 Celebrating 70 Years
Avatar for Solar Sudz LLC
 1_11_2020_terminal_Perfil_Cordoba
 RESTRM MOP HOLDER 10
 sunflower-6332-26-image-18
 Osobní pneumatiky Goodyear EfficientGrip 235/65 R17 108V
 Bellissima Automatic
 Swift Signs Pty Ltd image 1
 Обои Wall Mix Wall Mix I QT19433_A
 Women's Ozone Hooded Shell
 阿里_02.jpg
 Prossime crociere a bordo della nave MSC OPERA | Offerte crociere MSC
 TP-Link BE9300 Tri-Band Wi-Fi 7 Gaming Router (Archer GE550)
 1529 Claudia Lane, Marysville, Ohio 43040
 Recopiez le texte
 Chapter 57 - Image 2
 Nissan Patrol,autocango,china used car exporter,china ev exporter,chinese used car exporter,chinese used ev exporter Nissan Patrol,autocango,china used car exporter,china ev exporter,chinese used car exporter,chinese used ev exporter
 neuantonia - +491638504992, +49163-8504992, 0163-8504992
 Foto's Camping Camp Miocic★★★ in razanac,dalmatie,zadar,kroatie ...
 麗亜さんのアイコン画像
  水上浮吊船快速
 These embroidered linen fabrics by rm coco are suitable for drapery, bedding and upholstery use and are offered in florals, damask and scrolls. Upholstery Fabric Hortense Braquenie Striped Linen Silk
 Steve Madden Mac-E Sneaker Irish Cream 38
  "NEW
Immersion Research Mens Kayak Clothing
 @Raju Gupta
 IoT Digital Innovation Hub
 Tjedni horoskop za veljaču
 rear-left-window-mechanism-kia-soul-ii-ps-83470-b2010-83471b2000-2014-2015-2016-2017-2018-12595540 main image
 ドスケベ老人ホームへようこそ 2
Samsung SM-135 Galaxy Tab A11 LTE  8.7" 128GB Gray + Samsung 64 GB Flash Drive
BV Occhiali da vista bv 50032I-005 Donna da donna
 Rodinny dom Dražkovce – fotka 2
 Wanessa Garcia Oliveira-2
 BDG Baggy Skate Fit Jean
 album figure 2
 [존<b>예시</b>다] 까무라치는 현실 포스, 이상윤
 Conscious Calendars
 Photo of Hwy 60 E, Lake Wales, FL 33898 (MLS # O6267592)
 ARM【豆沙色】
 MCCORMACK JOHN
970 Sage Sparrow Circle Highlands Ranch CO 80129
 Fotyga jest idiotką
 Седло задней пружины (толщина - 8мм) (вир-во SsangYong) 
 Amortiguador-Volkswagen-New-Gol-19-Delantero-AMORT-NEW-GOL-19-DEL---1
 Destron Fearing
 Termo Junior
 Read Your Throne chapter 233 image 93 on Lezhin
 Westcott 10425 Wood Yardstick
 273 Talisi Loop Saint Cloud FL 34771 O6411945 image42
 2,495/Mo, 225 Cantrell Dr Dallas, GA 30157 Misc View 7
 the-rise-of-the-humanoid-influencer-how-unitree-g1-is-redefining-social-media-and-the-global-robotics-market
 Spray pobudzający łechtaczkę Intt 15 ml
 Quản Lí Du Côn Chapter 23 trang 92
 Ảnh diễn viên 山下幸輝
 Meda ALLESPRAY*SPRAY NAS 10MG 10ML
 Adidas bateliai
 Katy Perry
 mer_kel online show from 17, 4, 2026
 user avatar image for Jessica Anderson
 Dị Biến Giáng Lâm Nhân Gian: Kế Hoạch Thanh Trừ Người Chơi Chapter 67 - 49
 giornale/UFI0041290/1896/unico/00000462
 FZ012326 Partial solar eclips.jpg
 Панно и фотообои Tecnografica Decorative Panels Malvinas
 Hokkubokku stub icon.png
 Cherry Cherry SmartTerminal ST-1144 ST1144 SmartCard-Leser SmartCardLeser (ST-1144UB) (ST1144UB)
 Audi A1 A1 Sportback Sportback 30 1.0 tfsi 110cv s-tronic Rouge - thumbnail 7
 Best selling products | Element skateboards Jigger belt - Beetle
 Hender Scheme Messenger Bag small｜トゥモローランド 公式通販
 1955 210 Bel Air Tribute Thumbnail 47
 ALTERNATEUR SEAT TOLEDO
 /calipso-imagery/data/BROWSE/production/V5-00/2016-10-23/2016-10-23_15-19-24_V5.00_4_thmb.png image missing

## Aim of the task
Copy out the full set of entries without altering anything.

## Response area
 Celebrating 70 Years
Avatar for Solar Sudz LLC
 1_11_2020_terminal_Perfil_Cordoba
 RESTRM MOP HOLDER 10
 sunflower-6332-26-image-18
 Osobní pneumatiky Goodyear EfficientGrip 235/65 R17 108V
 Bellissima Automatic
 Swift Signs Pty Ltd image 1
 Обои Wall Mix Wall Mix I QT19433_A
 Women's Ozone Hooded Shell
 阿里_02.jpg
 Prossime crociere a bordo della nave MSC OPERA | Offerte crociere MSC
 TP-Link BE9300 Tri-Band Wi-Fi 7 Gaming Router (Archer GE550)
 1529 Claudia Lane, Marysville, Ohio 43040
 Recopiez le texte
 Chapter 57 - Image 2
 Nissan Patrol,autocango,china used car exporter,china ev exporter,chinese used car exporter,chinese used ev exporter Nissan Patrol,autocango,china used car exporter,china ev exporter,chinese used car exporter,chinese used ev exporter
 neuantonia - +491638504992, +49163-8504992, 0163-8504992
 Foto's Camping Camp Miocic★★★ in razanac,dalmatie,zadar,kroatie ...
 麗亜さんのアイコン画像
  水上浮吊船快速
 These embroidered linen fabrics by rm coco are suitable for drapery, bedding and upholstery use and are offered in florals, damask and scrolls. Upholstery Fabric Hortense Braquenie Striped Linen Silk
 Steve Madden Mac-E Sneaker Irish Cream 38
  "NEW
Immersion Research Mens Kayak Clothing
 @Raju Gupta
 IoT Digital Innovation Hub
 Tjedni horoskop za veljaču
 rear-left-window-mechanism-kia-soul-ii-ps-83470-b2010-83471b2000-2014-2015-2016-2017-2018-12595540 main image
 ドスケベ老人ホームへようこそ 2
Samsung SM-135 Galaxy Tab A11 LTE  8.7" 128GB Gray + Samsung 64 GB Flash Drive
BV Occhiali da vista bv 50032I-005 Donna da donna
 Rodinny dom Dražkovce – fotka 2
 Wanessa Garcia Oliveira-2
 BDG Baggy Skate Fit Jean
 album figure 2
 [존<b>예시</b>다] 까무라치는 현실 포스, 이상윤
 Conscious Calendars
 Photo of Hwy 60 E, Lake Wales, FL 33898 (MLS # O6267592)
 ARM【豆沙色】
 MCCORMACK JOHN
970 Sage Sparrow Circle Highlands Ranch CO 80129
 Fotyga jest idiotką
 Седло задней пружины (толщина - 8мм) (вир-во SsangYong) 
 Amortiguador-Volkswagen-New-Gol-19-Delantero-AMORT-NEW-GOL-19-DEL---1
 Destron Fearing
 Termo Junior
 Read Your Throne chapter 233 image 93 on Lezhin
 Westcott 10425 Wood Yardstick
 273 Talisi Loop Saint Cloud FL 34771 O6411945 image42
 2,495/Mo, 225 Cantrell Dr Dallas, GA 30157 Misc View 7
 the-rise-of-the-humanoid-influencer-how-unitree-g1-is-redefining-social-media-and-the-global-robotics-market
 Spray pobudzający łechtaczkę Intt 15 ml
 Quản Lí Du Côn Chapter 23 trang 92
 Ảnh diễn viên 山下幸輝
 Meda ALLESPRAY*SPRAY NAS 10MG 10ML
 Adidas bateliai
 Katy Perry
 mer_kel online show from 17, 4, 2026
 user avatar image for Jessica Anderson
 Dị Biến Giáng Lâm Nhân Gian: Kế Hoạch Thanh Trừ Người Chơi Chapter 67 - 49
 giornale/UFI0041290/1896/unico/00000462
 FZ012326 Partial solar eclips.jpg
 Панно и фотообои Tecnografica Decorative Panels Malvinas
 Hokkubokku stub icon.png
 Cherry Cherry SmartTerminal ST-1144 ST1144 SmartCard-Leser SmartCardLeser (ST-1144UB) (ST1144UB)
 Audi A1 A1 Sportback Sportback 30 1.0 tfsi 110cv s-tronic Rouge - thumbnail 7
 Best selling products | Element skateboards Jigger belt - Beetle
 Hender Scheme Messenger Bag small｜トゥモローランド 公式通販
 1955 210 Bel Air Tribute Thumbnail 47
 ALTERNATEUR SEAT TOLEDO
 /calipso-imagery/data/BROWSE/production/V5-00/2016-10-23/2016-10-23_15-19-24_V5.00_4_thmb.png image missing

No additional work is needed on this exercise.